Ile-de-France

A lire : « Je suis parisien mais je me soigne », d’Alain Paucard

« A condition de rester chez soi et d’en sortir que pour des lieux sélectionnés, à des heures bien choisies. » Alain Paucard, incurable Parigot, prend sa plume sarcastique et érudite pour écrire un livre qui mêle histoire, architecture, arts, politique – surtout politique. Il étrille au passage toutes les figures publiques de l’histoire récente ayant pesé sur le façonnage de Paris.

Alain Paucard. © DR

Sortir des murs séculaires

L’auteur commence par déplorer l’emmurement de Paris, cette ceinture qui l’empêche de grossir naturellement, en absorbant sa banlieue proche et en la remodelant. Après un détour historique, partant du mur des Fermiers généraux et aboutissant au périphérique d’aujourd’hui, l’auteur fait un amer constat : « Les “pouvoirs publics” ont tout simplement corseté Paris dans une ceinture de fer ». Et de regretter d’autant plus cet enfermement, que les banlieues recèlent quelques trésors : les cités ouvrières de l’entreprise de chocolat Meunier à Noisiel, les cités-jardins d’Henri Sellier, la Vallée aux loups, « une excursion heureusement méconnue, tout comme le parc de Saint-Cloud et les Étangs de Ville d’Avray. »

Un ton caustique

Mais retour à Paris où « deux catastrophes menacent le piéton curieux […] : le vélo et les interphones ». Elles mettent en péril selon lui l’essence même du promeneur, sa liberté, sa possibilité d’accéder aux secrets de la ville. A ces « venelles » dont l’auteur dénigre la gentrification : « La venelle est aujourd’hui sanctuarisée par les bobos, qui l’ont macadamisée, […] aseptisée… ». L’écrivain interroge de ce même regard critique et ronchon divers aspects de la ville. Il scrute les noms des rues et relève les orientations idéologiques de certains choix. Ainsi les neuf noms de femmes de la ligne du tram T3, parmi lesquels ceux de deux aviatrices, Maryse Bastié et Adrienne Bolland, d’une sportive, Colette Besson, etc. L’auteur se désole de ne pas voir célébrées une Colette ou une Marie Noël.

Le savoir-vivre

Un chapitre un peu moins mordant et plus joyeux, consacré aux vins de Paris, nous rappelle le recueil de nouvelles de Marcel Aymé, « Le vin de Paris ». Et propose une balade dans le vignoble parisien. Mais là aussi, après un habile détour historique, non dénué de nostalgie, l’auteur revient sur la gentrification, avec une envolée moqueuse sur la « cantine bobo ». Il évoque aussi les chanteurs qui ont célébré Paris, avec une préférence pour Maurice Chevalier : « Avant tout, il reste le symbole, la voix, la figure, la silhouette de Parigot. »

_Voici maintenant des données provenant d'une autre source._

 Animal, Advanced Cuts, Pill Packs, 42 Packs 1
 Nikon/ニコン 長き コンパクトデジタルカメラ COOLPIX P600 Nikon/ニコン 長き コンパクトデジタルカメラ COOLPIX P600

« Je suis Parisien mais je me soigne » est un petit livre qui finit par saisir la nature du parigot. « Un Parisien, c’est un amateur d’asphalte, de ce quelque chose d’indéfinissable que je vais pourtant tenter de définir. » Un livre agrémenté des illustrations tout en finesse et en poésie de Philippe Dumas.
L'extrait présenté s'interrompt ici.